PROMPT: Reproduce the whole of the records exactly, and make sure no picture is carried into the result.

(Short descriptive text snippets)
★ ★ ★ ★
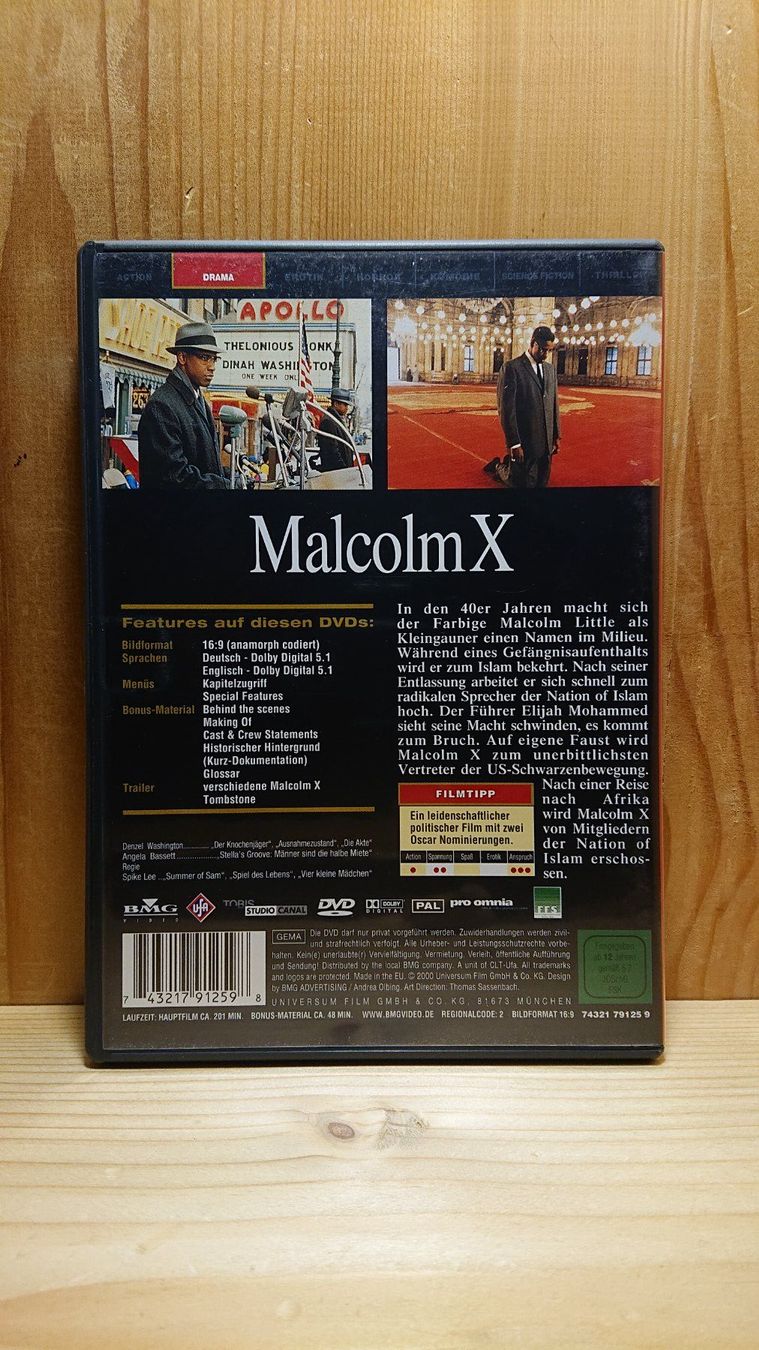 Tutti i DVDs: MALCOM X DVD mit Denzel Washington – Usato da Wilderswil venduto da Exebub 1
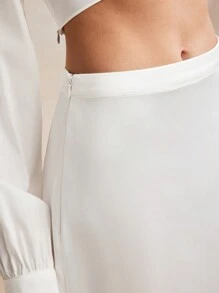 Anewsta 夏季简约优雅高腰鱼尾裙适合节日聚会服装长款缎面女装 - 白色 - 查看 3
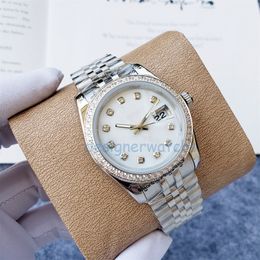 Reloj de alta calidad para mujer Reloj de diseñador de moda de lujo Anillo de diamante Superficie de concha Correa de acero inoxidable Reloj automático de cristal de zafiro resistente al agua para hombre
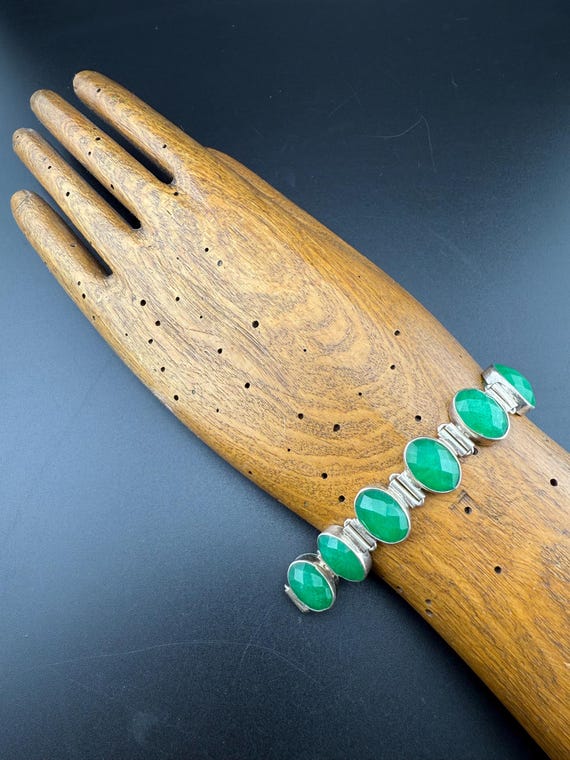 super stylish link bracelet solid 925 silver gree… - image 1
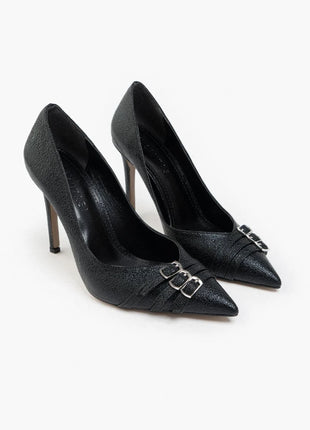 Elegante schwarze Smarty Pumps mit funkelndem Design und dekorativen Schnallen, ideal für besondere Anlässe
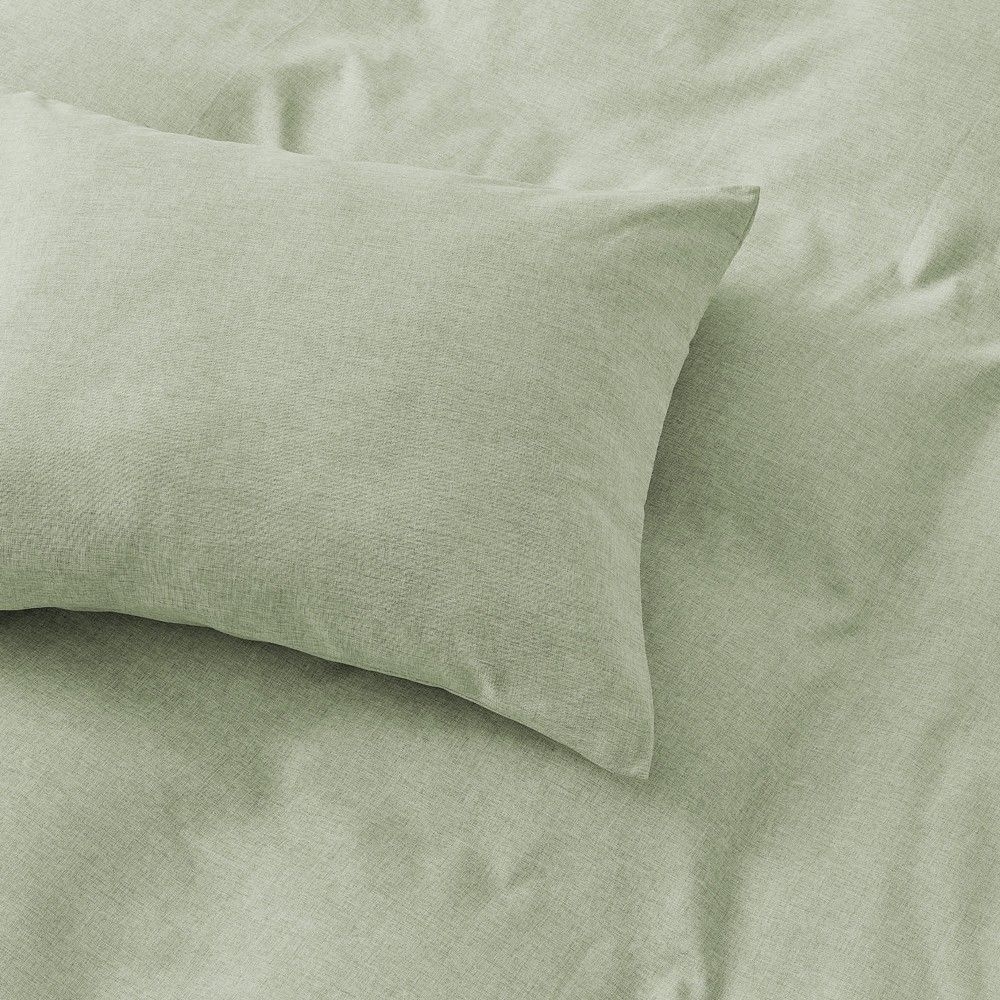 Peace Nest Solid Faux Linen Duvet Cover Set - Luxurious Comfort, Green, Twin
★ ★ ★ ★
WRITTEN SOLUTION:
 Tutti i DVDs: MALCOM X DVD mit Denzel Washington – Usato da Wilderswil venduto da Exebub 1
 Anewsta 夏季简约优雅高腰鱼尾裙适合节日聚会服装长款缎面女装 - 白色 - 查看 3
 Reloj de alta calidad para mujer Reloj de diseñador de moda de lujo Anillo de diamante Superficie de concha Correa de acero inoxidable Reloj automático de cristal de zafiro resistente al agua para hombre
 super stylish link bracelet solid 925 silver gree… - image 1
 Elegante schwarze Smarty Pumps mit funkelndem Design und dekorativen Schnallen, ideal für besondere Anlässe
 Peace Nest Solid Faux Linen Duvet Cover Set - Luxurious Comfort, Green, Twin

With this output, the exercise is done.